Hay guiños a las figuras pop y a la cultura de México. Por ahí aparecen, en el inframundo, algunos personajes que serán fácilmente identificables. Frida Khalo, la más célebre de las pintoras tenochcas, tiene su pronunciado homenaje.
La odisea del pequeño mueve a la reflexión sobre la necesidad espiritual de preservar el recuerdo de los muertos, que dan sentido de identidad, pertenencia y familia y quienes, además, merecen la gratitud de los que les sobreviven. La mejor expresión para preservar su memoria es la conservación de su recuerdo, con la visita al panteón o con el colorido altar, donde son colocadas las fotografías de los seres amados, de recuerdo grato, inolvidables.

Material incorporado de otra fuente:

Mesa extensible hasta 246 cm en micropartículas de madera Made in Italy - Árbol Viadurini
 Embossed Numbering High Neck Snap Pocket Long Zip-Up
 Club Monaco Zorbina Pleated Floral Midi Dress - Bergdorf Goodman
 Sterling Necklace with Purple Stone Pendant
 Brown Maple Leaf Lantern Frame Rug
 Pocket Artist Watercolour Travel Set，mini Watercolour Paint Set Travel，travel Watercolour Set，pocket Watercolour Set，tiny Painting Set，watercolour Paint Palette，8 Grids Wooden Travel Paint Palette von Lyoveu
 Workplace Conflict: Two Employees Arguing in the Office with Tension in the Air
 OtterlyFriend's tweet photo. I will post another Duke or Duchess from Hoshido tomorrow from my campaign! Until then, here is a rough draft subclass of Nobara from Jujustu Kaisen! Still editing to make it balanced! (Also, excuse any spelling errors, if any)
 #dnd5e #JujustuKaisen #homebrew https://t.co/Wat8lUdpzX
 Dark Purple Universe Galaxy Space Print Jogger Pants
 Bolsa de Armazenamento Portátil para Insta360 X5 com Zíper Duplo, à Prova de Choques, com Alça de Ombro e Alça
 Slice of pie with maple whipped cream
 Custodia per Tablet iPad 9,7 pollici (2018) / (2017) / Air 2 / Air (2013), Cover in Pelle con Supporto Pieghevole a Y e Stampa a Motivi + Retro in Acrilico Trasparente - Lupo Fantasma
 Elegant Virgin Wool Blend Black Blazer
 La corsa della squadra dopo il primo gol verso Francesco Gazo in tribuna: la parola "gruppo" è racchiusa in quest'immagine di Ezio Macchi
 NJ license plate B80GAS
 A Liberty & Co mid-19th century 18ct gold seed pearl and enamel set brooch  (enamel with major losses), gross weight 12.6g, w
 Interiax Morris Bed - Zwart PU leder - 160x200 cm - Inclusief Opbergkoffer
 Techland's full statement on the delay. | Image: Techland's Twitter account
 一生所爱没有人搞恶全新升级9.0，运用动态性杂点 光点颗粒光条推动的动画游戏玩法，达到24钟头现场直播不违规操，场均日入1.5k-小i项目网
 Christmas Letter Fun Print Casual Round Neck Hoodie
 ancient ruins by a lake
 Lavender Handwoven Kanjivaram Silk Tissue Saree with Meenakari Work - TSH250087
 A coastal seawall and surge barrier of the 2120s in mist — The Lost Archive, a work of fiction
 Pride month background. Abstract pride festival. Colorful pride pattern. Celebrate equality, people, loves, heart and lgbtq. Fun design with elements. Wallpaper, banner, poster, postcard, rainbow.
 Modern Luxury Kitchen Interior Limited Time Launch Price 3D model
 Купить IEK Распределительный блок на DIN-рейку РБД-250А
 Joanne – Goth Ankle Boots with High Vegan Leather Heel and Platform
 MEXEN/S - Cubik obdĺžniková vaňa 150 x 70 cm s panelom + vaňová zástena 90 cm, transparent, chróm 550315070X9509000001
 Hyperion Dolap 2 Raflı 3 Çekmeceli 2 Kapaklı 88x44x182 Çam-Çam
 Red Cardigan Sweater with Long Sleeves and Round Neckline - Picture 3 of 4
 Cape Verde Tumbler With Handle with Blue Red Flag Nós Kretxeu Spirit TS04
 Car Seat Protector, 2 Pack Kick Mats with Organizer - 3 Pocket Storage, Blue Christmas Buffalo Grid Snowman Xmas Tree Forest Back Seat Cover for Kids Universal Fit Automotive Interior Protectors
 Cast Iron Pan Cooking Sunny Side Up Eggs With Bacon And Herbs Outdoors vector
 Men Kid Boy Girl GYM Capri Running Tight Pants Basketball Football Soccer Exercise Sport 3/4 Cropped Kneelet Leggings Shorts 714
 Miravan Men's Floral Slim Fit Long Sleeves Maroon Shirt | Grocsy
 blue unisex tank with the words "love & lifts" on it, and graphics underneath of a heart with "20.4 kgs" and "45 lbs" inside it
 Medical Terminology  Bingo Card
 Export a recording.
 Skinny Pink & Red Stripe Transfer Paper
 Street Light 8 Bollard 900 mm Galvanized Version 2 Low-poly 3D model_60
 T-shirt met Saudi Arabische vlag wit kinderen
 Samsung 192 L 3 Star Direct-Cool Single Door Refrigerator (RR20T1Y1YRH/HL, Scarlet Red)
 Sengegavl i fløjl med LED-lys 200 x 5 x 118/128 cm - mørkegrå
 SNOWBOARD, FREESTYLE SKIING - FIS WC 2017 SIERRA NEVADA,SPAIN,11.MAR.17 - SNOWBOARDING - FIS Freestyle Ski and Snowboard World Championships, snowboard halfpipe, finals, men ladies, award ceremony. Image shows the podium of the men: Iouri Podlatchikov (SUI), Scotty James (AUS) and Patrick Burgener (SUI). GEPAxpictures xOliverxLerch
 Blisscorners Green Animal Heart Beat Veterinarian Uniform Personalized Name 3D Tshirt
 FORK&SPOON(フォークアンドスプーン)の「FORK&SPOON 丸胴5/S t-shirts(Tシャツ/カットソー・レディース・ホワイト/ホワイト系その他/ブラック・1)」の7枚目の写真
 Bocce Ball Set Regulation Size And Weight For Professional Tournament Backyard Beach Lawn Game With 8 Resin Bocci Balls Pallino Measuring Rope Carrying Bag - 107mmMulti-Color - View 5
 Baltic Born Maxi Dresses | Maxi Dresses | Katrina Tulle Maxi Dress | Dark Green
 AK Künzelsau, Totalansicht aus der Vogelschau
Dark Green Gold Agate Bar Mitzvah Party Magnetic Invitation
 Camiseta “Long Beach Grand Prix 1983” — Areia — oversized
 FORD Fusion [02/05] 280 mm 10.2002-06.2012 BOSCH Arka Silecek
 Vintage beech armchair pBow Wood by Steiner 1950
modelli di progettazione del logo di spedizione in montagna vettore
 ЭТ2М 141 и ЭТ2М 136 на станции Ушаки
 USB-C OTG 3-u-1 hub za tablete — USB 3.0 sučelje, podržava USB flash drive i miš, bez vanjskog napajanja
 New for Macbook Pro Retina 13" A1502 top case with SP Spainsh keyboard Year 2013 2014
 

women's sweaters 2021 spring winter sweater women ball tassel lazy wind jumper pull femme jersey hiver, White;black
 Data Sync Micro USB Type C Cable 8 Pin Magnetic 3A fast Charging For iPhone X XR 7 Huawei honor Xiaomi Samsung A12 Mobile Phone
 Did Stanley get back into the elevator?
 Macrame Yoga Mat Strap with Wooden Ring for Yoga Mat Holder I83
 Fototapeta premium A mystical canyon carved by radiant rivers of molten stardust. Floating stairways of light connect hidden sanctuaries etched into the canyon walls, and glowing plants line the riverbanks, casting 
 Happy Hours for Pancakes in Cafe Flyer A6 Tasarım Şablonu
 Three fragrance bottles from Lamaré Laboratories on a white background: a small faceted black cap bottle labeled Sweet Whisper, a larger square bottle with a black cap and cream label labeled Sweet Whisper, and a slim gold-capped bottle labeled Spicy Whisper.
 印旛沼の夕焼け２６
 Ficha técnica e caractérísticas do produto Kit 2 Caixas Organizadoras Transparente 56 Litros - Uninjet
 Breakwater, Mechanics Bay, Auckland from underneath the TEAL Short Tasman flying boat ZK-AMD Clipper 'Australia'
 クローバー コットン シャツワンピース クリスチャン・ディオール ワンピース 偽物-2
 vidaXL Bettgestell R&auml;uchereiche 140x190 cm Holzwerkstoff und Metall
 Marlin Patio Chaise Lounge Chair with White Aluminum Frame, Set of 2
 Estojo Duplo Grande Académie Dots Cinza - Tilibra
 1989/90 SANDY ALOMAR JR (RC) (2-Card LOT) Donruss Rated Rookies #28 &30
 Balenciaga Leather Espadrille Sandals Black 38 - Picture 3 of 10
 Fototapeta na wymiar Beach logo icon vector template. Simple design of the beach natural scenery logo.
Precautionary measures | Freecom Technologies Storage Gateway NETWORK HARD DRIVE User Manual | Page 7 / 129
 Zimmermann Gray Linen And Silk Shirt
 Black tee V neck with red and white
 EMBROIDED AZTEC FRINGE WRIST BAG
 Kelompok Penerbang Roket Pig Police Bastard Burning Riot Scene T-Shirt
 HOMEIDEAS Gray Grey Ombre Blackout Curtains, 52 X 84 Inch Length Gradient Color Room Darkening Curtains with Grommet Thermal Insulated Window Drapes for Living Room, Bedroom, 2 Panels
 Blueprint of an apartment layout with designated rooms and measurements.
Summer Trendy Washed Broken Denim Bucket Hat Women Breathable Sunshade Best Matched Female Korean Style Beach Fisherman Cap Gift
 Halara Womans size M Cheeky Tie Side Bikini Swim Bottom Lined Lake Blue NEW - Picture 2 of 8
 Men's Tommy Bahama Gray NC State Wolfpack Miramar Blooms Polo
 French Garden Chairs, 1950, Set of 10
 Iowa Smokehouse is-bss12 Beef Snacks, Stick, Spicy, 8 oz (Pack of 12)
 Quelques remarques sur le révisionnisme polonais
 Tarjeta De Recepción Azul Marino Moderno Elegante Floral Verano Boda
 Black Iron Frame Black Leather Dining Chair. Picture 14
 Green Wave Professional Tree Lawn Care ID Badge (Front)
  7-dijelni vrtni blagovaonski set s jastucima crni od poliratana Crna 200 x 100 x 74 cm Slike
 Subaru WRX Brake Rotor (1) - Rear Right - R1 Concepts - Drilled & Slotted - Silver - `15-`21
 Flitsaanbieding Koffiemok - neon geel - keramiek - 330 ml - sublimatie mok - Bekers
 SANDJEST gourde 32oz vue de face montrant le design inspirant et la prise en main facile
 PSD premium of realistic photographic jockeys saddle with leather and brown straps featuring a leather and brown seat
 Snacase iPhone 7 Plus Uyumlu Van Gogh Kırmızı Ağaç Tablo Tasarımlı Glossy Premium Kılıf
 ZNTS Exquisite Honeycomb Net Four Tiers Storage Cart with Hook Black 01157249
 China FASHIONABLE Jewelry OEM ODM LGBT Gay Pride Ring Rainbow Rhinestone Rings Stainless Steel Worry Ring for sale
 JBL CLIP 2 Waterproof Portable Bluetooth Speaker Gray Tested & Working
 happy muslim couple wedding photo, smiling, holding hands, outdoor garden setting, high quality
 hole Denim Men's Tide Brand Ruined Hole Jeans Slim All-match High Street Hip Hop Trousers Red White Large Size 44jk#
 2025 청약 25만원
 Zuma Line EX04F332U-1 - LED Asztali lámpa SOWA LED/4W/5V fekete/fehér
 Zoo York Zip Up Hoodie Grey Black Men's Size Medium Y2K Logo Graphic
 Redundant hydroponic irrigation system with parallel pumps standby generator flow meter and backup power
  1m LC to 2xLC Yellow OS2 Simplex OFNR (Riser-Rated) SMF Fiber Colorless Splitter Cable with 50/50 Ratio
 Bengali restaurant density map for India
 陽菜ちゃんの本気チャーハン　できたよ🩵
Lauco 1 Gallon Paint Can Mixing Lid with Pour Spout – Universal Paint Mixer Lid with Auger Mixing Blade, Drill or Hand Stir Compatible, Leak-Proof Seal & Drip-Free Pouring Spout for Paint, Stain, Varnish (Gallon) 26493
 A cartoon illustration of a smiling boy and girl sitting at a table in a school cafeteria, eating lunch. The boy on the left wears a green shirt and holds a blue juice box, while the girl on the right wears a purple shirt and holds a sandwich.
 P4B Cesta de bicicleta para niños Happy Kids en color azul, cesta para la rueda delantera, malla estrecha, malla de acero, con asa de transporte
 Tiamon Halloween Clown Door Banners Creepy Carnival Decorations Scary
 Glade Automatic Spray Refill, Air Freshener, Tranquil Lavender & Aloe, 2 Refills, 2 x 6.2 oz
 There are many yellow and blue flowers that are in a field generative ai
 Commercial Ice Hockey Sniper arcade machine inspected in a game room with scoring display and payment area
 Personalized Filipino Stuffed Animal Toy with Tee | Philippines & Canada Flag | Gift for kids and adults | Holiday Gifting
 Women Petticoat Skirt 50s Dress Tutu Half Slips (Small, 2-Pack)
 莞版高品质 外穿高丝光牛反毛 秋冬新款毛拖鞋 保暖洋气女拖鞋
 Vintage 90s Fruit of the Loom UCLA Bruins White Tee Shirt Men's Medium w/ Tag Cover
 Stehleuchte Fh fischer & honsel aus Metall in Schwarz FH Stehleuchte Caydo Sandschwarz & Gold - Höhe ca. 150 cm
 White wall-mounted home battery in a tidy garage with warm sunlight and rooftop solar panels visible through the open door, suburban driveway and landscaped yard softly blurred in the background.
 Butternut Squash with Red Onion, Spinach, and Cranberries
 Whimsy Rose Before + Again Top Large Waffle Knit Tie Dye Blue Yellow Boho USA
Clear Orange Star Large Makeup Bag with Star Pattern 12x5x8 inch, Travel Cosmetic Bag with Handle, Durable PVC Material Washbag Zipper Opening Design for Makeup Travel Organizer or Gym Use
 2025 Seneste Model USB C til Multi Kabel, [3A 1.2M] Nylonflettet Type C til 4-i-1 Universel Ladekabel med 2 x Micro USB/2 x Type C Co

Aunque tiene momentos crueles, la historia trata con simpatía y compasión a todos los muertos, aun los que perecieron injustamente. Pero también proporciona esperanza y mueve a renovar la fe en la importancia de conservar, en el corazón, a quienes fueron importantes y ya no están, como se muestra en el desenlace, donde hay un momento tremendamente conmovedor, bellísimo, digno de Pixar y sus guiones virtuosos.
La música de Michael Giacchino es, otra vez excelsa. El tema central, “Recuérdame”, es una balada de melodía insuperable.
Coco está ya entre las mejores cintas de Pixar.